These big data approaches, and in particular distributed file systems, offer significant advantages to the data-parallel and data-intensive computing found in NGS because they offer much better data locality than the HPC cluster architecture. For this reason, we think that this technology has a place within the e-infrastructure for NGS, though the lack of compatible bioinformatics tools represents a hurdle that needs to be overcome for any significant level of adoption to occur. This development front is not very active, however, presumably because on average bioinformatics software is under continuous development, while this type of compatibility work is more suitable to stabilized software packages.

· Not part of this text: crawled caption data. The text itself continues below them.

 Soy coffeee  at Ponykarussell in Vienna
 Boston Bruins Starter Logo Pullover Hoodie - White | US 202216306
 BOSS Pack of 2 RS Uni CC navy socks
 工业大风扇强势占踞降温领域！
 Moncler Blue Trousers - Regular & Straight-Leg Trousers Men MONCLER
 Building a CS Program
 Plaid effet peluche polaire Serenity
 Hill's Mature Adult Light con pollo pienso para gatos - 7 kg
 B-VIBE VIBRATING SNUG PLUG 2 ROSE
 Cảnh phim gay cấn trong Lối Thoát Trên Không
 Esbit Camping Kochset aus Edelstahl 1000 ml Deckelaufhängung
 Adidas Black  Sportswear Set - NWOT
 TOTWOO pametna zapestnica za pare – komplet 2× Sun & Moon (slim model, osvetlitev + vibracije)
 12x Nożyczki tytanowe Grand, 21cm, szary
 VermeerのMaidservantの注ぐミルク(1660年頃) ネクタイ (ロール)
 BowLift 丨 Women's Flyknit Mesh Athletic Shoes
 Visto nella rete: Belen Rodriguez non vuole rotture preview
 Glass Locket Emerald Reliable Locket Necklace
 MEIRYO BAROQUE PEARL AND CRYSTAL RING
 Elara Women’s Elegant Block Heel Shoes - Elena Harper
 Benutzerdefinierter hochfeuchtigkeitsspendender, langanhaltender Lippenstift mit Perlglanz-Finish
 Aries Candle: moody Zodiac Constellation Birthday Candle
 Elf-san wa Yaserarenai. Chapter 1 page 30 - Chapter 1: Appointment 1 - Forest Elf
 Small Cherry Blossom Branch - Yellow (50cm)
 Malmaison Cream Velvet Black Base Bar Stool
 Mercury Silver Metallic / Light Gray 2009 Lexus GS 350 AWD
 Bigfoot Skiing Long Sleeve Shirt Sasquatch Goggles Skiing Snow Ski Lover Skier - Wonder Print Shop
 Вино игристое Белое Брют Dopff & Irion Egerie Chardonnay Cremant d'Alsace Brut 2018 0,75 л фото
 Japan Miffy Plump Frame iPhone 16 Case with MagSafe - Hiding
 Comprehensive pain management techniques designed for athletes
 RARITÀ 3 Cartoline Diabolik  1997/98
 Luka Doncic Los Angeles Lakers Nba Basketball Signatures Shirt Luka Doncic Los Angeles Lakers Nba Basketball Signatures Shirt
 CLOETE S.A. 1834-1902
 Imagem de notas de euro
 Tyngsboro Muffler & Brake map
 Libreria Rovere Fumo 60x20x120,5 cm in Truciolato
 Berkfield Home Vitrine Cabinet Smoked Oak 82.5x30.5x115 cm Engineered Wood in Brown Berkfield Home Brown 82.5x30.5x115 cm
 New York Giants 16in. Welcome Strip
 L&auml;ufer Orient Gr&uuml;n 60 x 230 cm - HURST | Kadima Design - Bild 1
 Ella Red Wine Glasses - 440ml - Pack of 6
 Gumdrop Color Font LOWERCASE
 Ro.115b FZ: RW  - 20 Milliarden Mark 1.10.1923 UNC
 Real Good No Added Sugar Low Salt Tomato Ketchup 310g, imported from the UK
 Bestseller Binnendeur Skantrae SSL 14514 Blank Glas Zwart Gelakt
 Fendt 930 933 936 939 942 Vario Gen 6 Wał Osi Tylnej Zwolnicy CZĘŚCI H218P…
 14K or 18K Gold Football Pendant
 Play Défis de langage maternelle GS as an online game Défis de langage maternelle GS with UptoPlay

The rapidly evolving software ecosystem in NGS also makes the management of software installations a challenge for e-infrastructure providers. Keeping up with new installation requests and frequent software updates requires a significant amount of work. Virtual machines can help simplify the provision of the latest tools to users, while keeping an archive of older machine images can be used as part of a set of measures to ensure the reproducibility of past results. We promote the sharing of virtual machine images using catalogs such as BioImg.org . Another recent relevant technological development is container technology, such as Docker , which can be used to package analysis tools and data to ensure easy deployment and reproducibility of the analysis. While this technology is still to be widely adopted, it holds promise for the future.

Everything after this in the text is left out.